Hal itu disampaikan Mahfud menanggapi pernyataan pakar hukum UGM Maria Sumardjono yang menyebut Mahfud mengategorikan UU Cipta Kerja sebagai UU yang elitis dan ortodoks dalam disertasinya.
"Saya senang sesudah 27 tahun saya lulus dari situ, dan teori saya itu masih bisa dipakai untuk melihat perubahan hukum dan karakter politik hukum di Indonesia dan oleh pembimbing saya sendiri waktu itu," kata Mahfud dalam webinar "Telaah Undang-Undang Nomor 11 Tahun 2020 Tentang Cipta Kerja" yang disiarkan melalui akun Youtube Universita Gadjah Mada, Selasa (17/11/2020).
Jadi saya bangga bahwa ini di Gadjah Mada dijadikan optik untuk memotret Undang-Undang Cipta Kerja," ucap Mahfud.
Ia bercerita, dalam disertasi itu dia menyebut tiga syarat untuk menyatakan sebuah hukum ortodoks.
Pertama, hukum dibuat secara sentralistik dalam artian disusun sepihak oleh pemerintah tanpa melibatkan orang lain.
Menurut Mahfud, hal ini lazim dilakukan pada masa Orde Baru. Saat itu, pemerintah menyusun UU dan DPR hanya bertugas untuk mengesahkan.
"Pokoknya pemerintah buat, DPR mengesahkan. Kalau DPR tidak mengesahkan, pemerintah kok tidak setuju, dibatalkan secara sepihak lagi," ujar Mahfud.
Syarat kedua, pembuatannya bersifat positivitis instrumentalis atau menjadi alat pembenar kehendak penguasa.
Ketiga, hukum yang dibuat bersifat multitafsir dan mudah ditafsirkan dengan perundang-undangan lain.
Mahfud mengatakan, dalam disertasinya itu pun ia menuliskan dua rekomendasi. Pertama, agar hukum baik maka konfigurasi poltik harus berubah dari otoriter menjadi demokratis.
Sebab, menurut Mahfud, produk hukum merupakan hasil dari konfigurasi politik.
Apabila politiknya demokratis, kata Mahfud, hukumnya akan responsif.

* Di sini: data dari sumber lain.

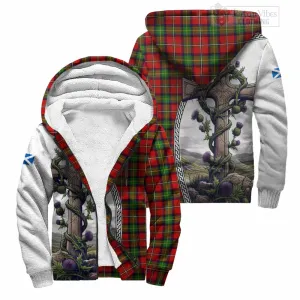 Boyd Tartan Sherpa Hoodie with Family Crest and St. Andrew's Cross Accented by Thistle Vines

Sementara itu, apabila politiknya otoriter, produk hukumnya akan elitis.
Menurut Mahfud, hal itu terbukti dengan perubahan konfigurasi politik dari Orde Baru yang otoriter menjadi demokratis di era Reformasi pasca-1998.
"Semua hukum lahir pada waktu itu sangat-sangat responsif di awal reformasi, coba tahun 1998 tahun 2004, hukum bagus semua, korupsi dibuat hukumnya, lembaganya, penindakan, dan sebagainya, karena waktu itu berubah dari otoriter menjadi demokratis," kata Mahfud.
"Nah, ketika ini dipakai sekarang, apakah konfigurasi politik tidak demokratis? Nah silakan diukur," kata Mahfud lagi.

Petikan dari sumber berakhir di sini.